Generator Images After 30th Epoch of Training

sample of generator images after 30th epoch of training

Images again looking better and images match the requested labels.

Train Model

Okay let’s do a full training run. Going to take fair bit longer to run. I am going to give the critic extra training for 5 epochs. The whole training session will be for 50 epochs. Let’s see who gives up first: me or the beast.

(mclp-3.12) PS F:\learn\mcl_pytorch\chap5> python wgan-gp_g_ng.py
epoch 1: critic loss: -10215.3623046875, generator loss: 10758.4296875
epoch 2: critic loss: -14913.734375, generator loss: 16712.4453125
epoch 3: critic loss: -13072.7373046875, generator loss: 17980.515625
epoch 4: critic loss: -12580.5341796875, generator loss: 19806.53125
epoch 5: critic loss: -12765.3525390625, generator loss: 22481.18359375

... ...

epoch 46: critic loss: -1078.3282470703125, generator loss: 18635.6875
epoch 47: critic loss: -1110.264404296875, generator loss: 18608.93359375
epoch 48: critic loss: -1109.6563720703125, generator loss: 18483.5703125
epoch 49: critic loss: -1140.3804931640625, generator loss: 18506.912109375
epoch 50: critic loss: -1149.96240234375, generator loss: 18485.484375
Total training time for 50 epochs: 2507.764040100097

Bit of time that, ~40 minutes. But, to me, looks like a significant improvement in the look of the faces. Though the images generated following the last epoch of training had an image that didn’t match the requested label. The images generated following the previous epoch, 49th, didn’t have that problem. So that’s the one I am going to show.

Generator Images After 49th Epoch of Training
with 5 epochs of extra critic training

sample of generator images after 50th epoch of training with 5 epochs of extra critic training

Seems to me that the images are more realistic. And for the most part the generator produces the correct image for the given label. What do you think?

Load Saved Model and Generate Images

Okay, let’s use the trained model to generate a set of images or two.

For now I am going to load the torchscript version of the model, as I don’t expect to do any additional training or modify the model code in anyway.

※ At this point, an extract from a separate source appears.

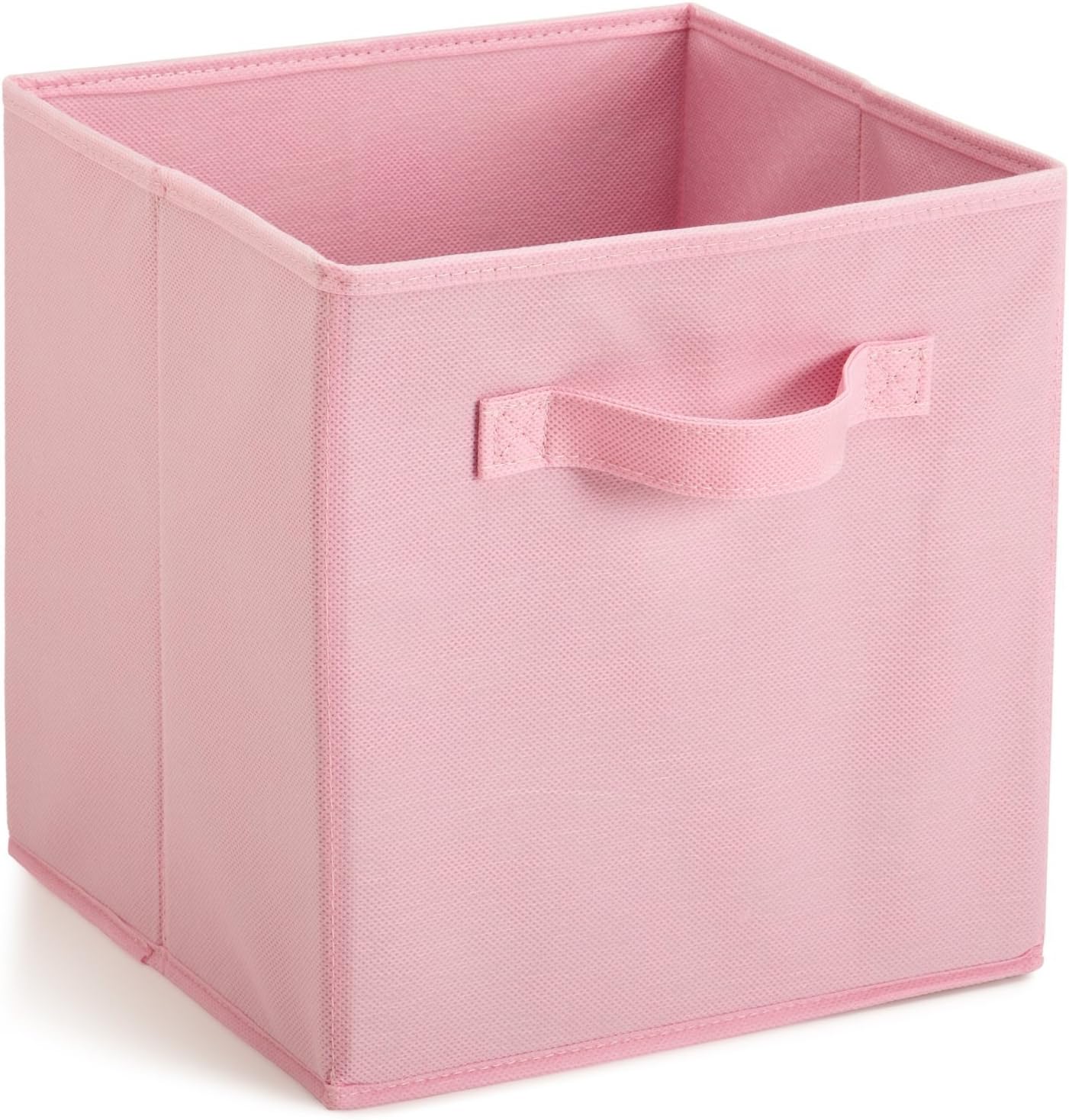 Cube Storage Bins Fun Colored Storage Bins 1 Pcs double handles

Pretty simple bit of code given previous efforts.

... ...
elif tst_model:
  trn_len = 50
  c_nbr_epochs = 5
  gen_pth = Path(f"./wgan_sv/gen_wgan-wp_g_ng_script_32_{trn_len}_{c_nbr_epochs}.pt")
  genr = torch.jit.load(gen_pth)
  genr.eval()
  for tst in range(1,3):
    plot_tst_gen(f"t{tst}", i_show=False)

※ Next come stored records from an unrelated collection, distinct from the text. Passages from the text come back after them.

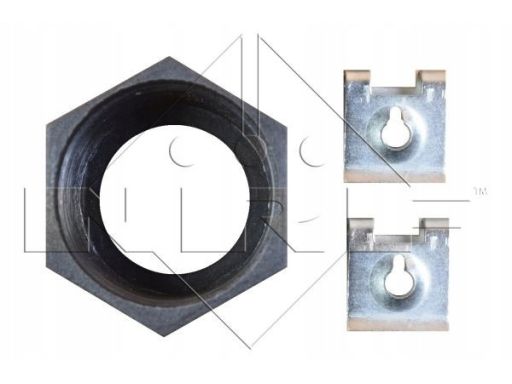 53852 Chłodnica Silnika Nrf 53852 Nrf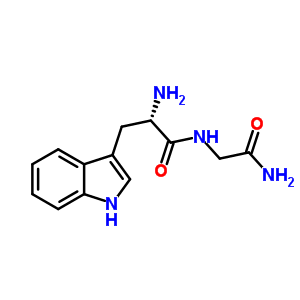 L-trp-gly amideStructure,38689-27-9Structure L-trp-gly amide Structure,38689-27-9Structure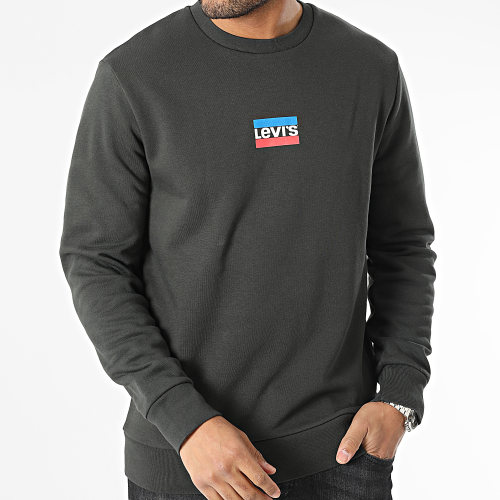 Sweat Crewneck 38423 Noir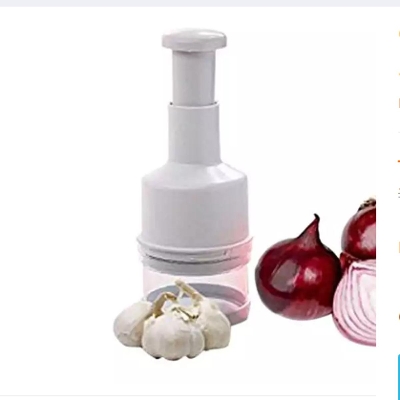 Picture of Onion, Garlic and Vegetable Chopper - White -White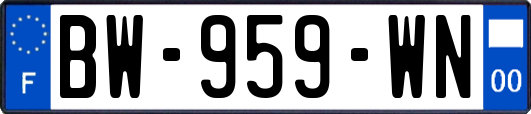 BW-959-WN
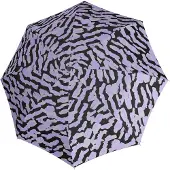 Knirps T.200 medium duomatic Zak paraplu 6 cm hunting lavender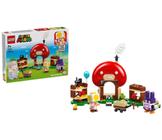 Lego Super Mario Expansão Ledrão Na Loja Do Toad - 71429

I will mention that when I add some new code using the image generation functions, I often get a bug that needs resolving. Almost always related to not sorting out tensors and arrays/lists correctly. I apparently have not been learning as well as I would like.

Here’s a sample of two images generated by the above bit of code.

Generator Images After Loading Saved Network from File

first of two images using final generator network loaded from final
second of two images using final generator network loaded from final

I modified the image function slightly to produce larger images so we could get a better look at the generator’s efforts.

With these larger images, one can definitely see issues with the faces and such. But, I am not at the moment prepared to train the model for an hour or two. We will see what the future brings.

But all in all, I would say for 50 epochs, a little over 40 minutes, of training, the generator is doing a pretty good job.

Done

I think that is it for this one. A post pretty focused on a single topic—most unusual for me.

The next post we will play around with generating series of morphing images. I.E. transition a face with glasses to one without. Perhaps a male face with glasses to a female one. The latter is apparently possible, but at the moment I am not too sure how to get there. The former I believe will be much easier.

Until then may your WGAN-GP hum along as nicely as my current attempt.